Irish Rail passengers are facing severe disruption to services in the coming weeks after the company said it was implementing a cost-savings plan without the agreement of two of its largest unions.
The plan will see temporary pay cuts ranging from 1.7% for staff earning up to €56,000, up to 6.1% for those earning more than €100,000. The company said it will start imposing the measures on August 24, which were recommended by the Labour Court to apply for 28 months.
Irish Rail says it has suffered a reduction in annual income of over €108m since the onset of the economic crisis.
Despite reducing annual operating costs by €73m in the same period, it has recorded losses annually in successive years, with a loss of €16.4m in 2013.
“Continued losses are unsustainable, and the company requires payroll measures, further savings in non-payroll areas, business and revenue growth, and sustainable funding of services and network to address the financial situation,” it said.

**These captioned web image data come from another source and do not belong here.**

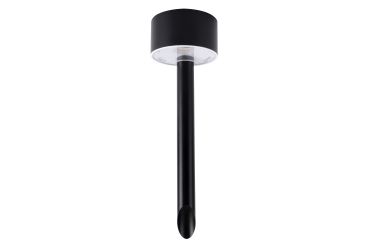 Integral LED True - grondspot op zonne-energie met bewegingssensor - Ø 7,6 x  24 cm - 0,5W LED incl. - IP44 - zwart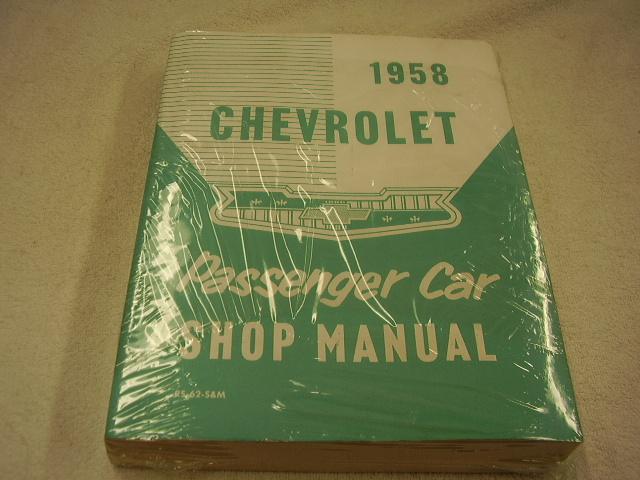 1958 chevrolet shop manual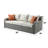 Wicker Patio Sofa With 2 Ottomans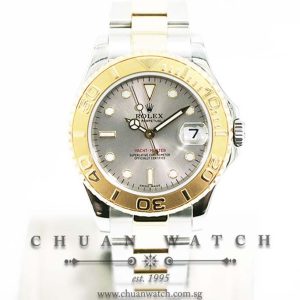 Rolex Midsize Yacht-Master Two-Tone 35mm 168623 Steel Sunburst Index - Discontinued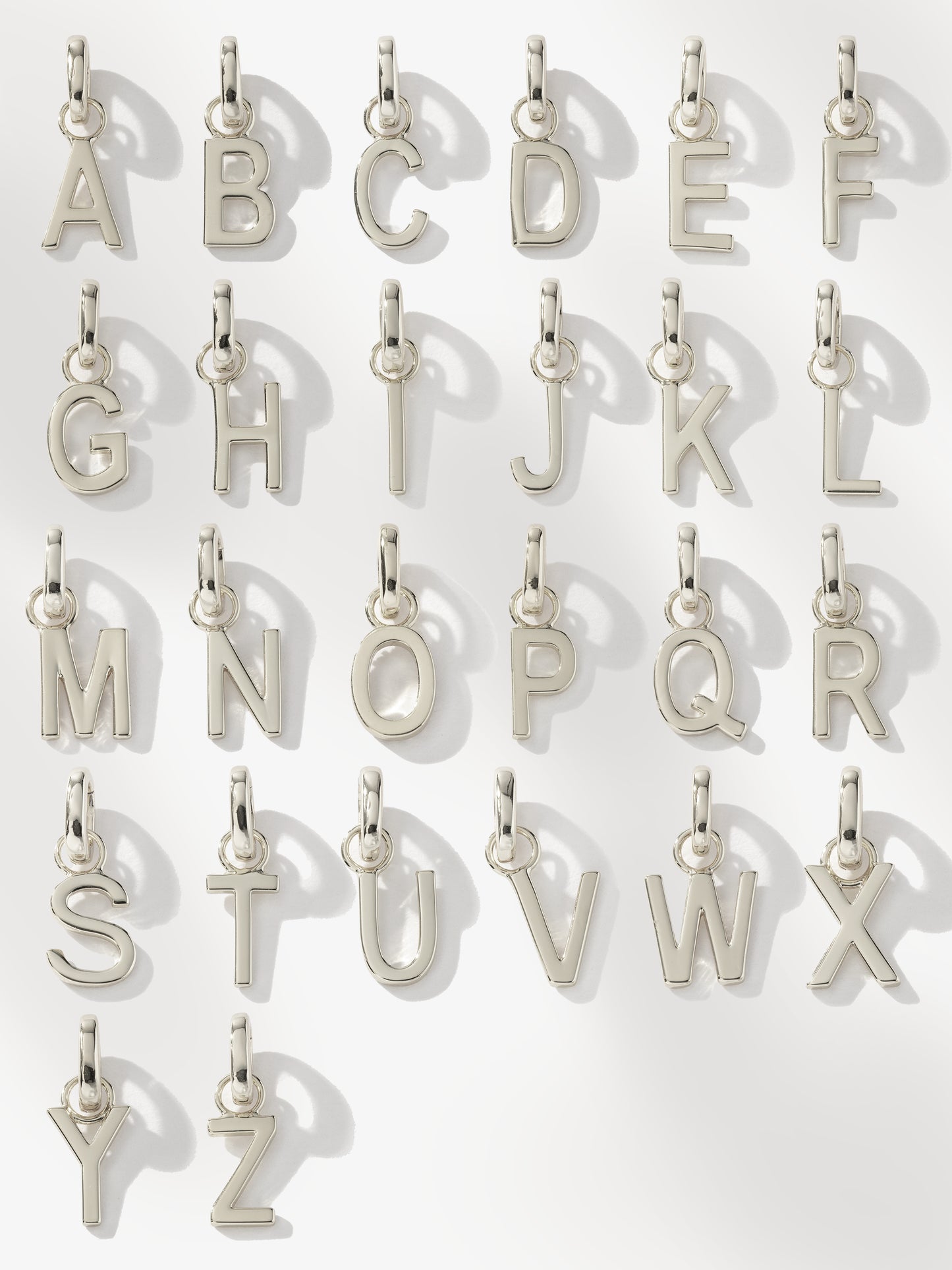 Letter Charm | Silver | Group Image | Uncommon James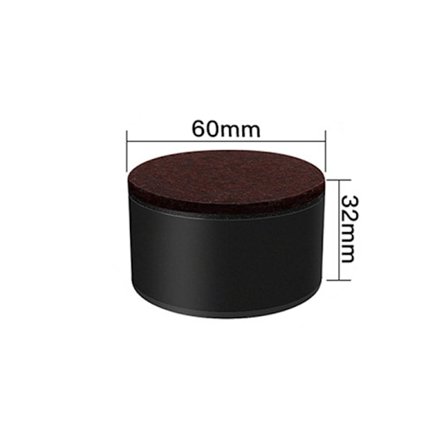 60x30 Runda Möbelhöjare - Säng- och Soffbensskydd i Kolstål, Förbättrad Stabilitet och Komfort B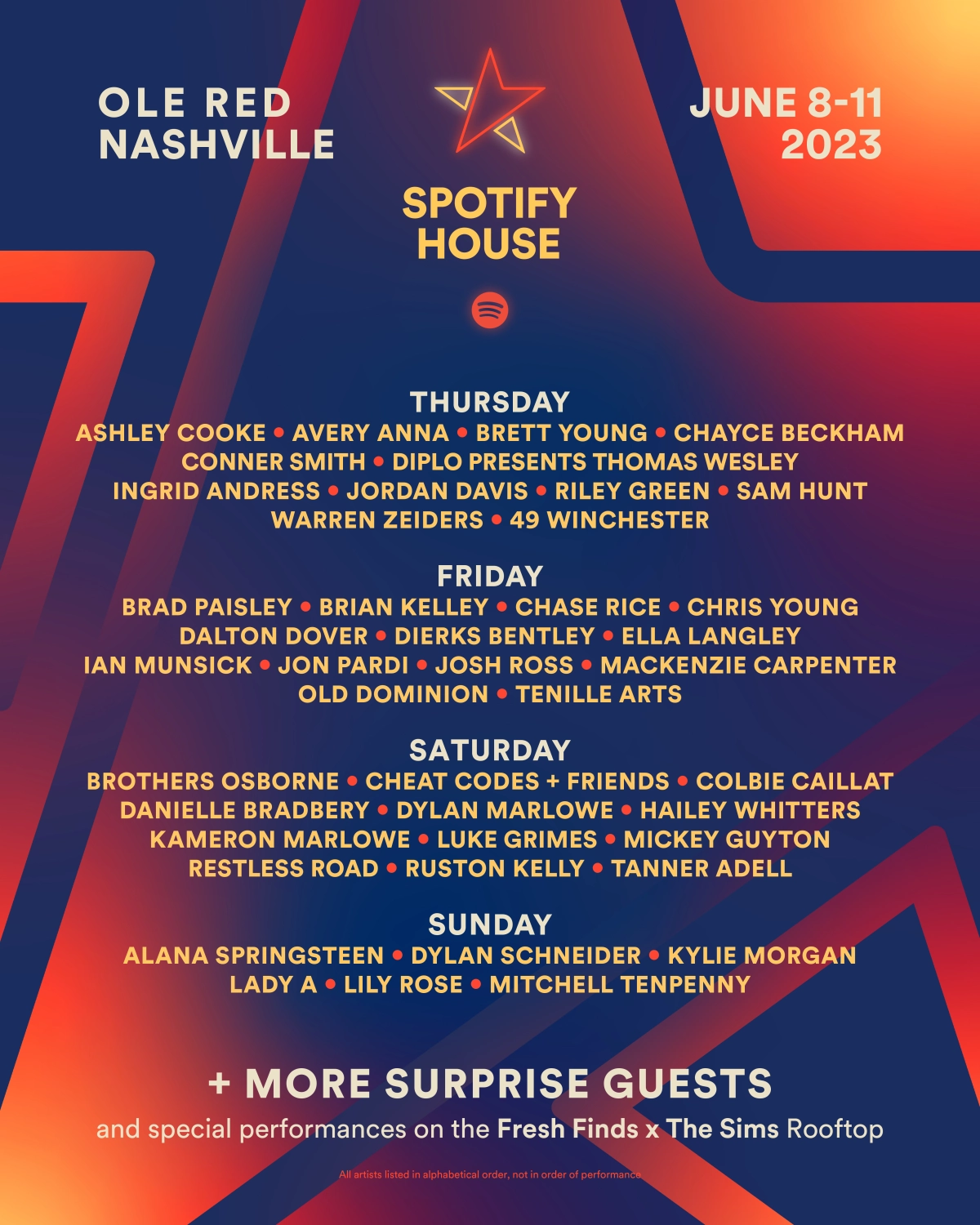 Spotify House at Ole Red - Nashville, TN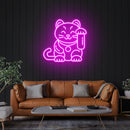 Lucky Cat Led Neon Sign Light
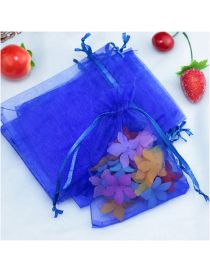 Fashion Royal Blue (100 Batches For A Single Color) Organza Zipper Bag
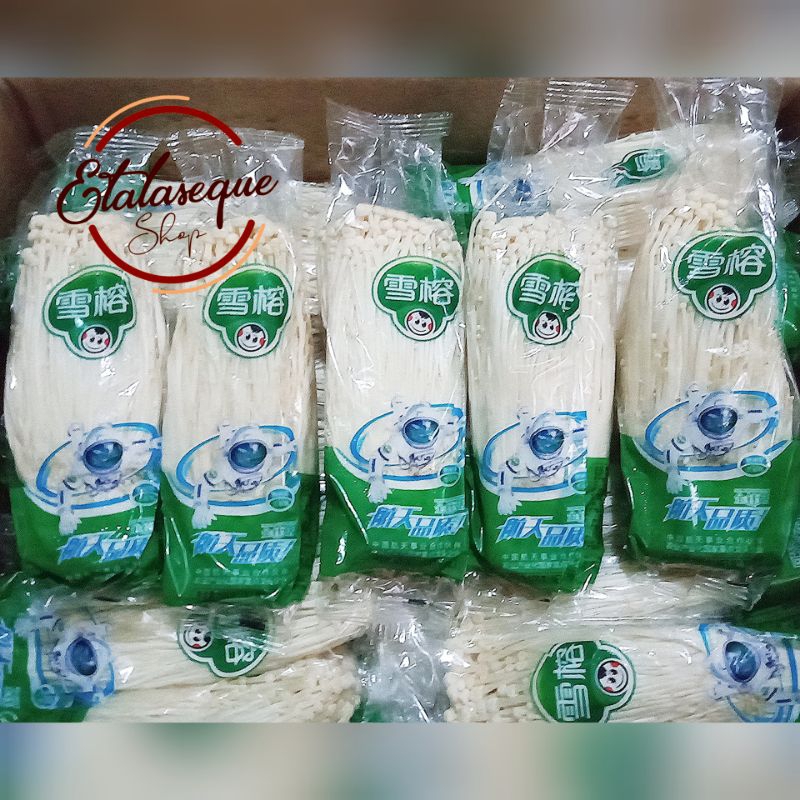 Jual Enoki 1 Dus isi 50 pack | Shopee Indonesia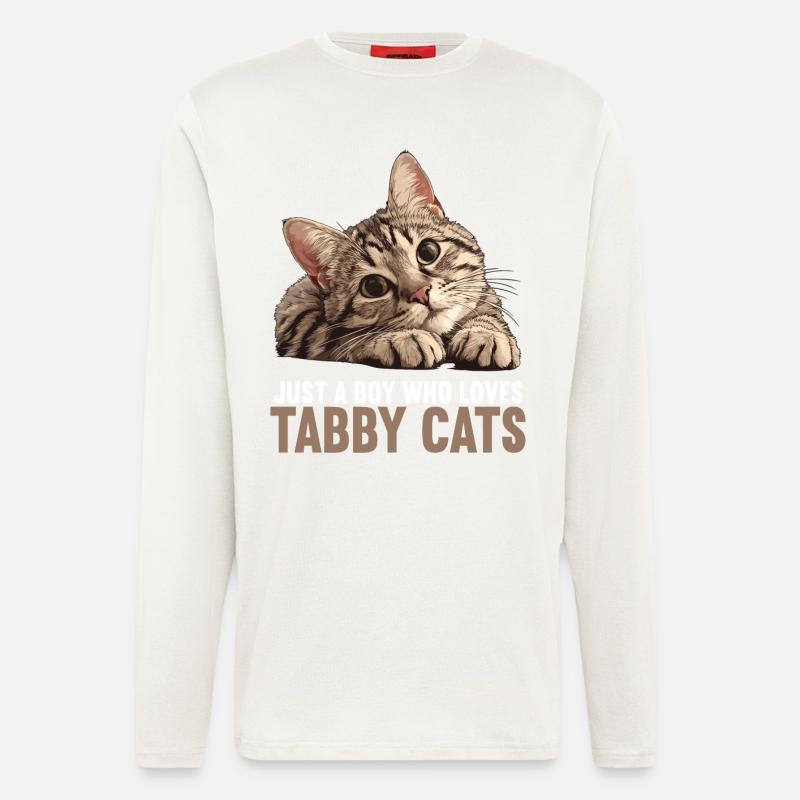 Tabby Kätzchen Tabby Katze - Langarmshirt - made by SPREAD - OFF WHITE
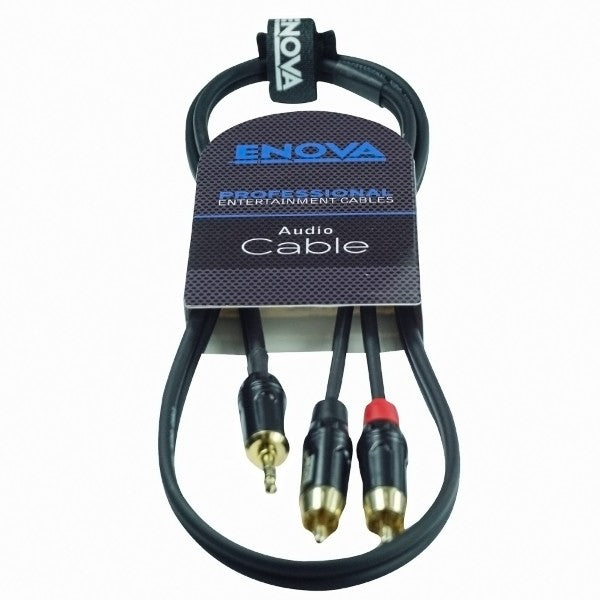 Enova minijack adapterkabel minijack til 2 x Phono 4 meter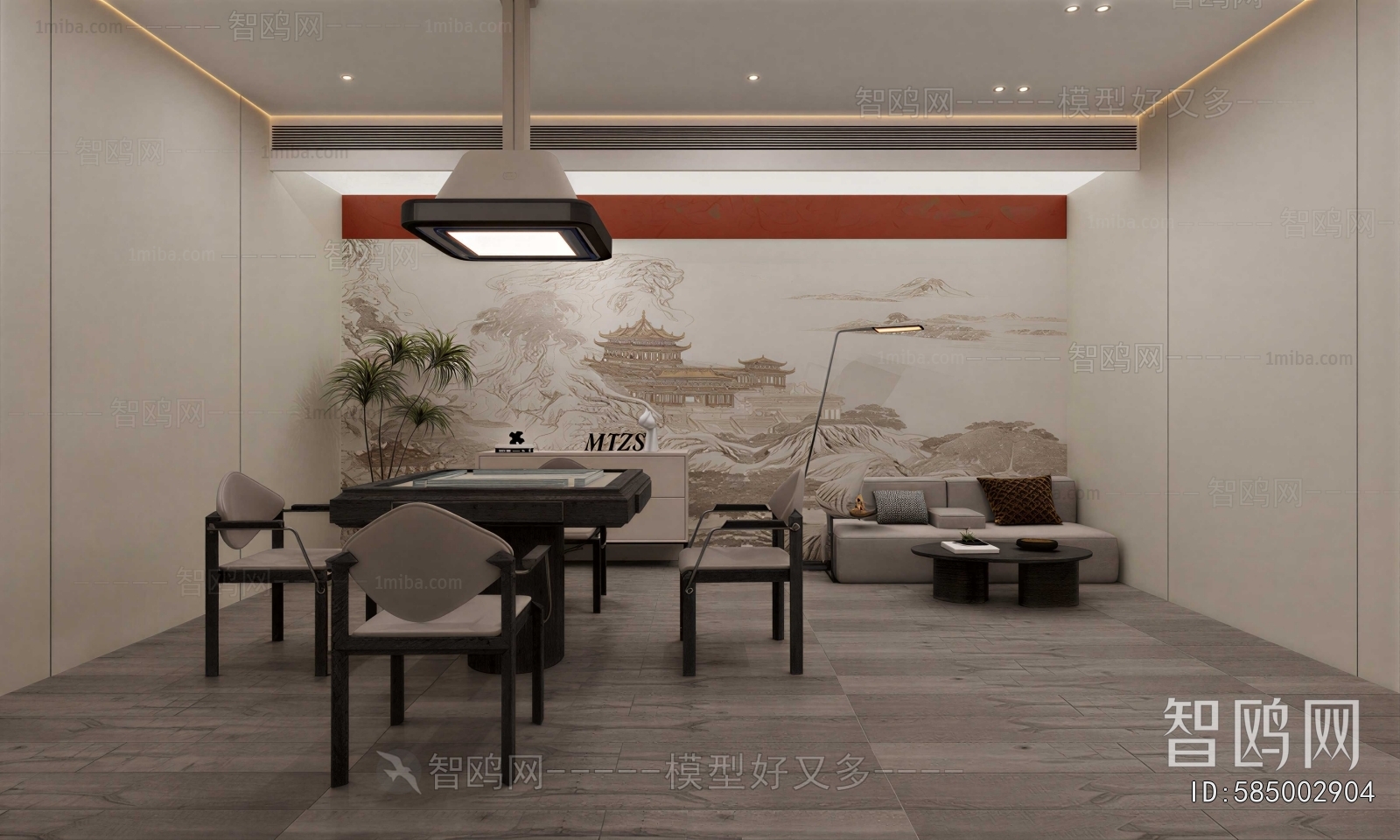 New Chinese Style Chess And Card Room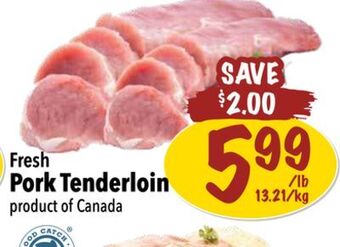 Farm Boy Fresh pork tenderloin offer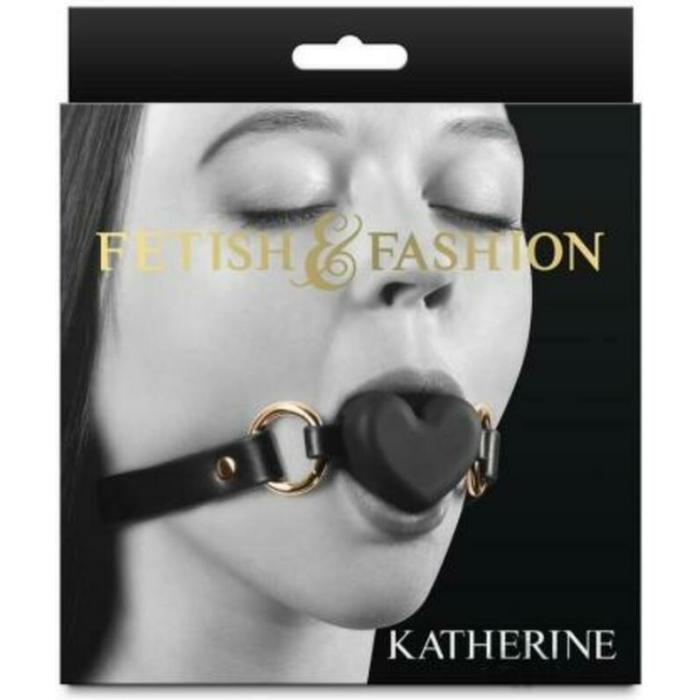 Fetish & Fashion Katherine Heart Gag Black - Image 1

While three unions at the travel company had accepted the court’s recommendation, the two biggest unions Siptu and the National Bus and Rail Union, have rejected it.
NBRU has said it will now ballot its members up to strike action while Siptu said it would implement industrial action if the company pressed ahead with implementation.
Irish Rail chief executive David Franks said it had always been his wish to secure these savings by agreement.
“I very much regret we have been unable to achieve this with all trade unions,” he said. “Having reviewed the situation, however, I have come to the conclusion that we must introduce these measures to protect the company, our services, and your security of employment.
“The timescale (for implementation) will allow all colleagues the opportunity to consider our financial situation and, I hope, understand why these measures are unavoidable,” he said.
The NBRU said “such a provocative move” as implementation of the cost-savings plan “can only be met with resistance, resistance which will inevitably manifest into a situation where both the company and its staff will be brought into disrepute”.
“We will now move to immediately ballot our members for industrial action up to and including all-out strike in the face of this unilateral attack on our members’ terms and conditions,” said NBRU general secretary Dermot O’Leary.
Siptu organiser, Paul Cullen, said: “Siptu informed the management of Irish Rail that our members will engage in industrial action if the company implements planned pay cuts next month.”
Transport Minister Paschal Donohoe said CIÉ is in a precarious financial situation and is dependent on continued bank funding.
“Cost-saving measures have already been agreed in Bus Éireann and Dublin Bus and savings also need to be made in Irish Rail,” he said. “Irish Rail has incurred accumulated losses of over €147m in the past six years, a position which is unsustainable.
“There have already been substantial fare increases and the payroll savings must happen in the context of the very difficult financial challenges that the company faces,” said the minister.
“It is quite clear to me that it is in everyone’s interest that these savings are achieved,” he said.